━━ Information supplied
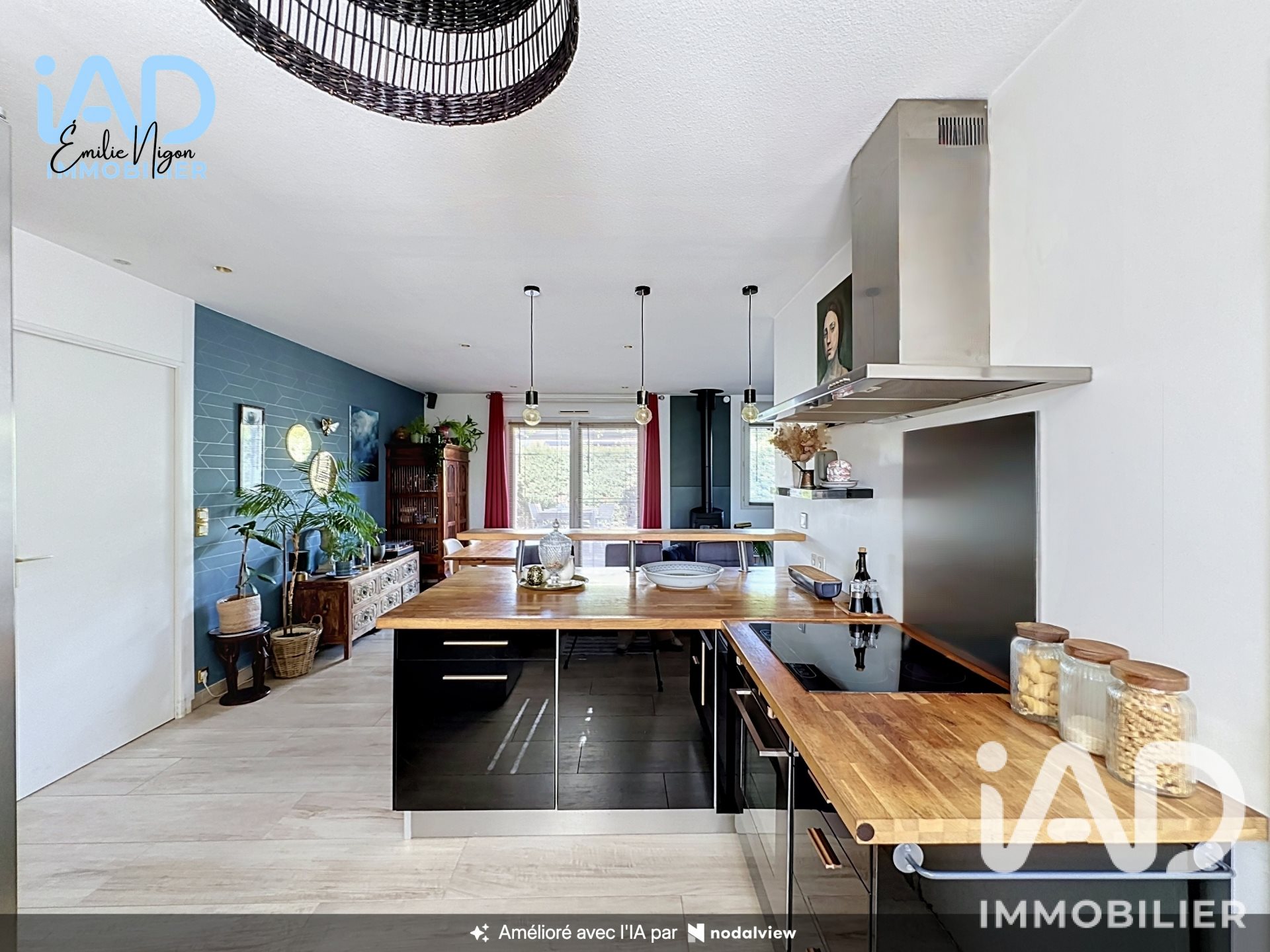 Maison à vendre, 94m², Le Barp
━━━━
━━ Information supplied
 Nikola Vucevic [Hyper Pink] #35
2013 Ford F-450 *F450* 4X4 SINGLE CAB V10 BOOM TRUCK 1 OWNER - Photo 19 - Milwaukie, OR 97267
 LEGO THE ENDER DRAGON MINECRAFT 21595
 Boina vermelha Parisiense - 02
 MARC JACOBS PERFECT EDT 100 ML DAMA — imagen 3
━━━━
━━ Information supplied
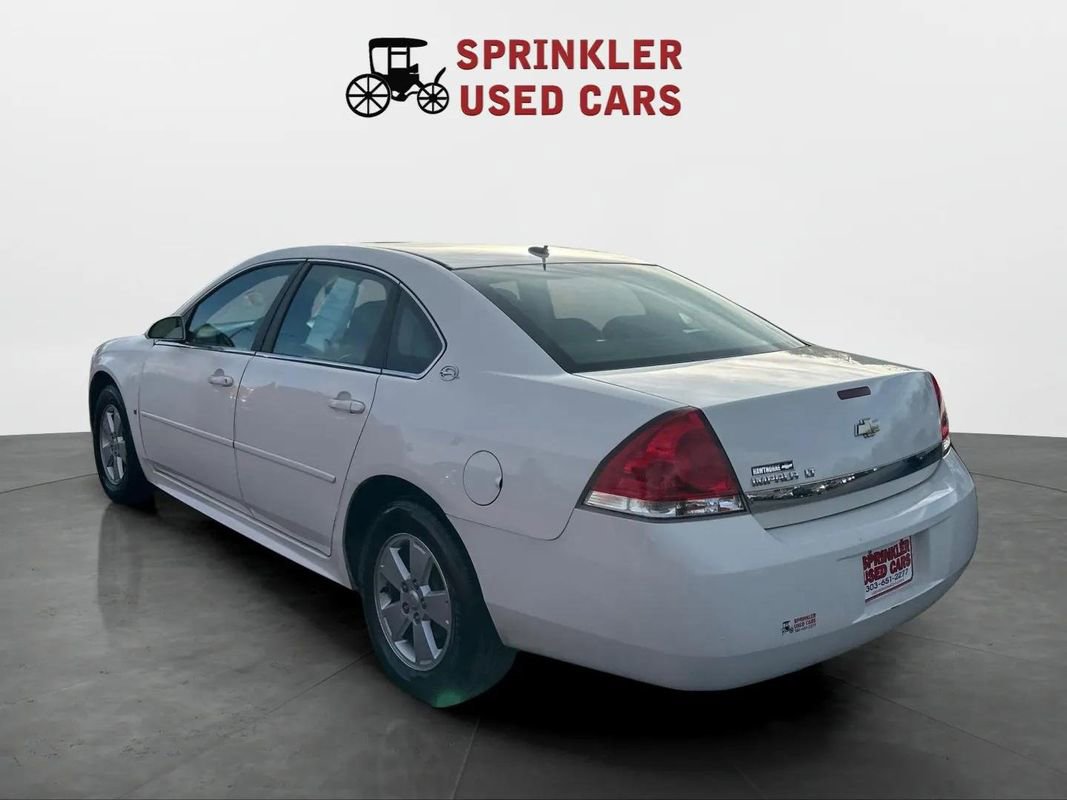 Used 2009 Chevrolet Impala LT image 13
━━━━
# Required work
Please give back exactly the lines of this listing beginning at the line with "Boina vermelha Parisiense - 02" and ending with the line with "MARC JACOBS PERFECT", both included, and nothing else.

# Output of the exercise
 Boina vermelha Parisiense - 02
 MARC JACOBS PERFECT EDT 100 ML DAMA — imagen 3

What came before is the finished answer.